Given data:
——————————

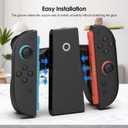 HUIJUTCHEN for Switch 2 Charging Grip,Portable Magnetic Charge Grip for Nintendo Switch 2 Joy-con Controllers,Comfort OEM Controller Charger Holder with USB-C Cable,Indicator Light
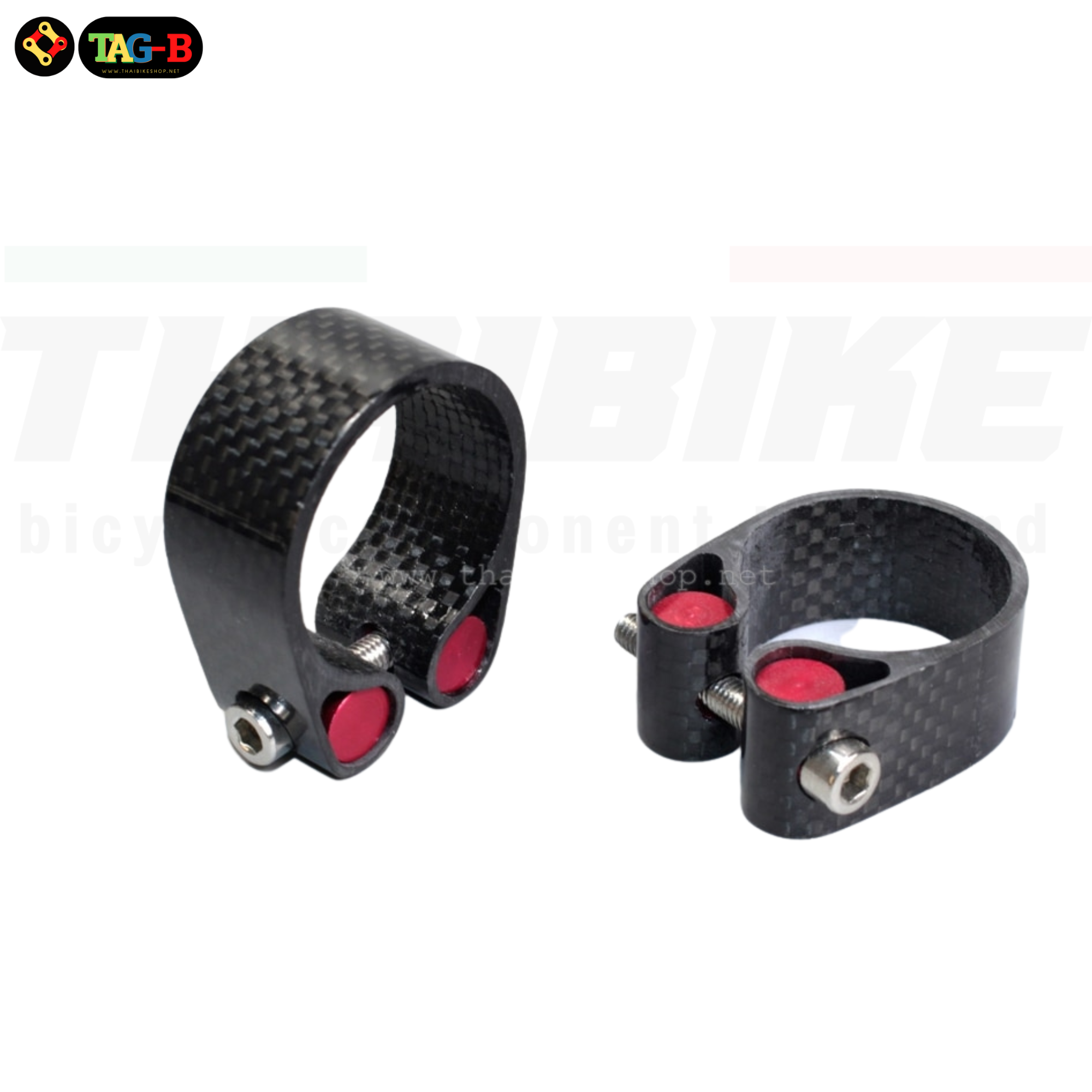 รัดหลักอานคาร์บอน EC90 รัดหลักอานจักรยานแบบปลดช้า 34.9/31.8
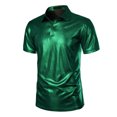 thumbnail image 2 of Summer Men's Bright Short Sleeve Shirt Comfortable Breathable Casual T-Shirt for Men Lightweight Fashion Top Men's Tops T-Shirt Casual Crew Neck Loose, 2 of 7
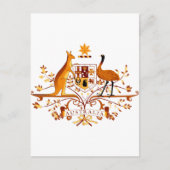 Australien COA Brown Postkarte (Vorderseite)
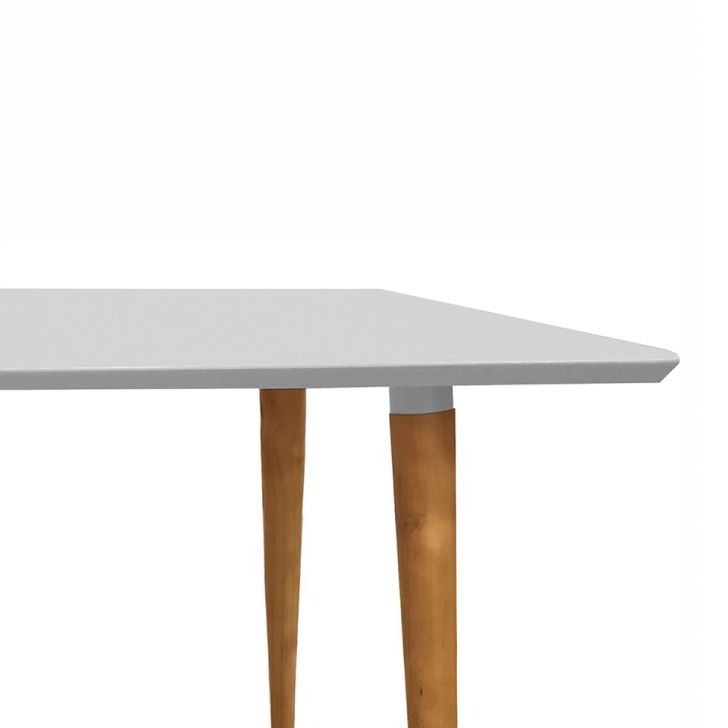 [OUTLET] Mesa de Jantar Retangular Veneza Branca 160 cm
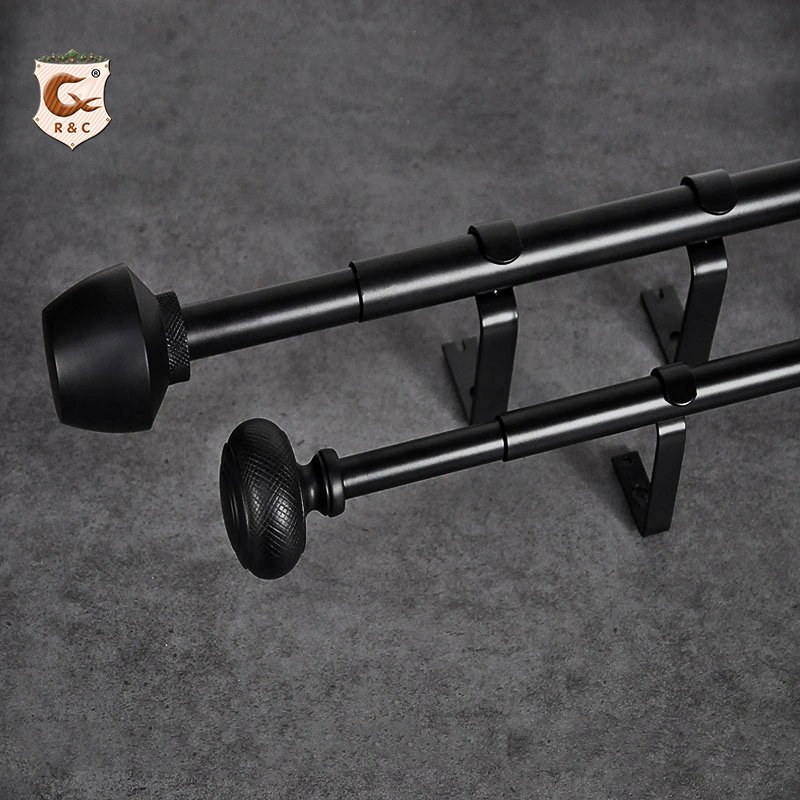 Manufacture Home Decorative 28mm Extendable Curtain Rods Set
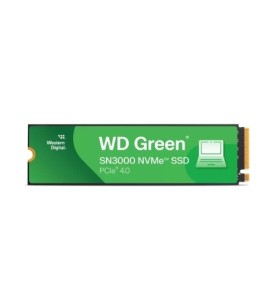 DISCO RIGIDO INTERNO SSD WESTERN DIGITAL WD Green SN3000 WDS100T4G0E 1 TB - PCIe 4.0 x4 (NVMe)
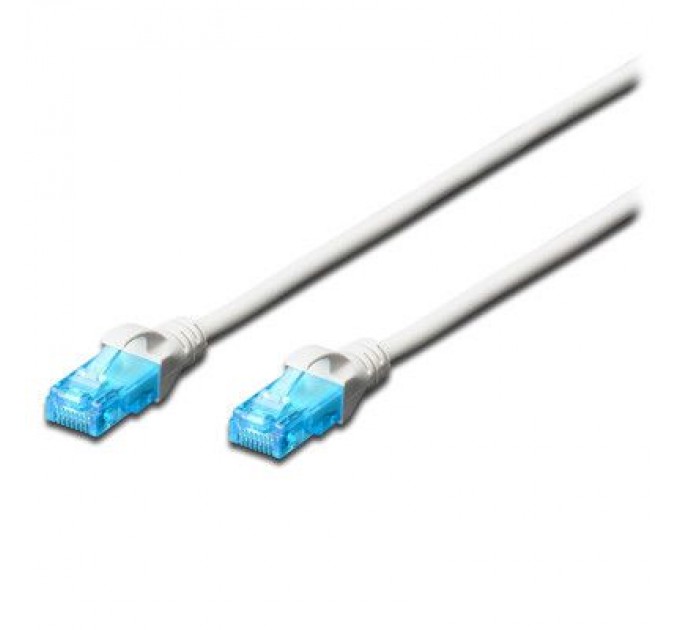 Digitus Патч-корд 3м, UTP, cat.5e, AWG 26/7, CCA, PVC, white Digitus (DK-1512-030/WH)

——————————

Task brief: In the listing, find the line containing "Australien COA Brown Postkarte (Vorderseite)" and repeat it and every later line through the last one, word for word, excluding the pictures.

Solution:
 Australien COA Brown Postkarte (Vorderseite)
 [OUTLET] Mesa de Jantar Retangular Veneza Branca 160 cm
 Manufacture Home Decorative 28mm Extendable Curtain Rods Set
 DISCO RIGIDO INTERNO SSD WESTERN DIGITAL WD Green SN3000 WDS100T4G0E 1 TB - PCIe 4.0 x4 (NVMe)
 Digitus Патч-корд 3м, UTP, cat.5e, AWG 26/7, CCA, PVC, white Digitus (DK-1512-030/WH)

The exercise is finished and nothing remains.